The psychological assumption. The mind, rather than the brain, functions like a digital computer, even if the brain doesn’t happen to do so.
The epistemological assumption. Even if neither minds nor brains function like digital computers, then this formalism is still sufficient to explain and generate intelligent behaviour. An analogy would be that planets moving in orbits are perhaps not solving differential equations, but differential equations are adequate tools for describing and understanding their movement.
The ontological assumption. Everything essential to intelligent behaviour — such as information about the environment — can in principle be formalised as a set of discrete facts.Â
These assumptions all relate to the limitations of computation (as we currently understand it) and of propositional logic.

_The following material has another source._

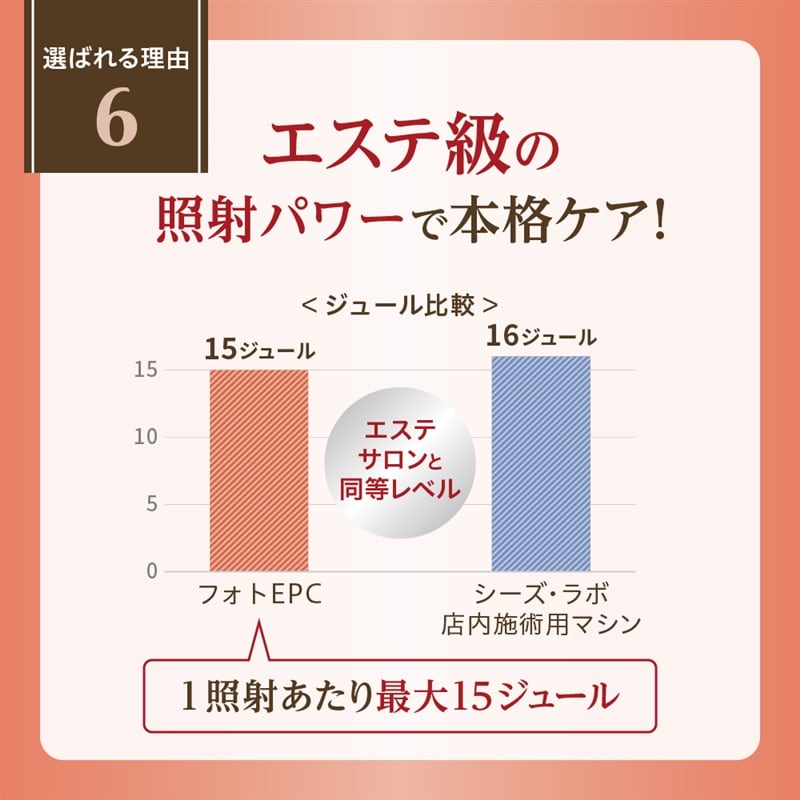 シーズラボ T009i フォトEPC 光美顔&光脱毛器 ドクターシーラボ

Dreyfus is famous for interpreting thinkers such as Heidegger and Merleau-Ponty, and consistently draws upon these thinkers in his arguments. In fact, as he points out in WCSCD, the phenomenological school attacks the very long philosophical tradition that sees mind and world as strictly separate, and that assumes that the mind functions by way of a model that somehow can be reduced to logical operations (we can see why the field of AI has implicitly, and in many cases unwittingly, taken over this tradition). Historically, this tradition reached perhaps one of its purest expressions with Descartes. Indeed Being and Time, Heidegger’s major work, is very anti-Cartesian. Heidegger’s account of intelligibility demands that one (Dasein) is in a world which appears primarily as meaningful interrelated beings (and not primarily as atomic facts, or sources thereof, to be interpreted), and is historically in a situation, making projections on the basis of one’s identity. Here, calculation and correspondence-based theories of truth are derived and secondary things. There is no clear separation between world and “model” since there is no model, just the world and our ability to relate to it.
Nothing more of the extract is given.